◆ TO DO: Return the material below exactly, but only from the line with "Torras Pstand custodia per iPhone 16 Pro blu" through the line with "Zolux Zabawka zawieszana", and without its pictures.

*** Opening THE DATA ***

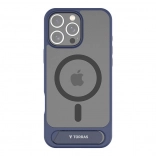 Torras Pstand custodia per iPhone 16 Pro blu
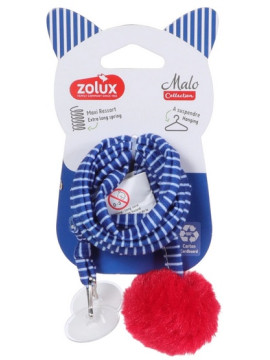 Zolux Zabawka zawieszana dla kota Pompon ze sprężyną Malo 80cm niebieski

*** Closing THE DATA ***
*** Opening THE DATA ***

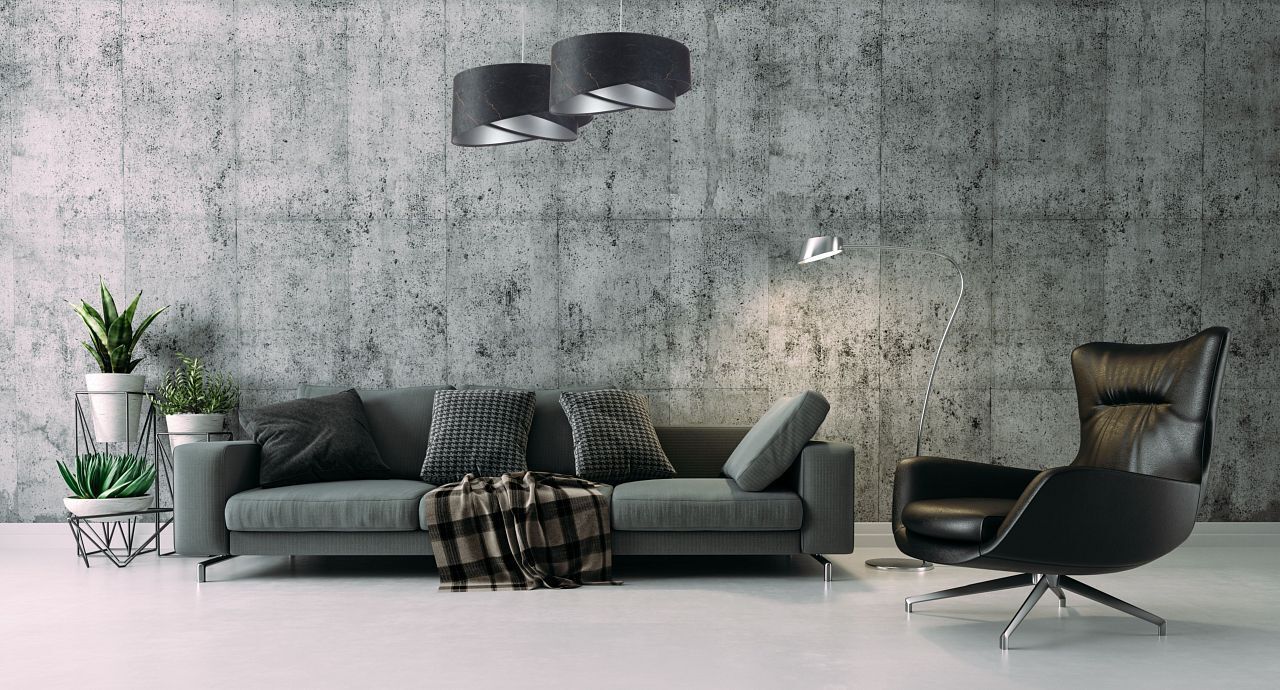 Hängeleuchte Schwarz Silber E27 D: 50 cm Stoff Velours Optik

*** Closing THE DATA ***

◆ SOLVED EXERCISE:
 Torras Pstand custodia per iPhone 16 Pro blu
 Zolux Zabawka zawieszana dla kota Pompon ze sprężyną Malo 80cm niebieski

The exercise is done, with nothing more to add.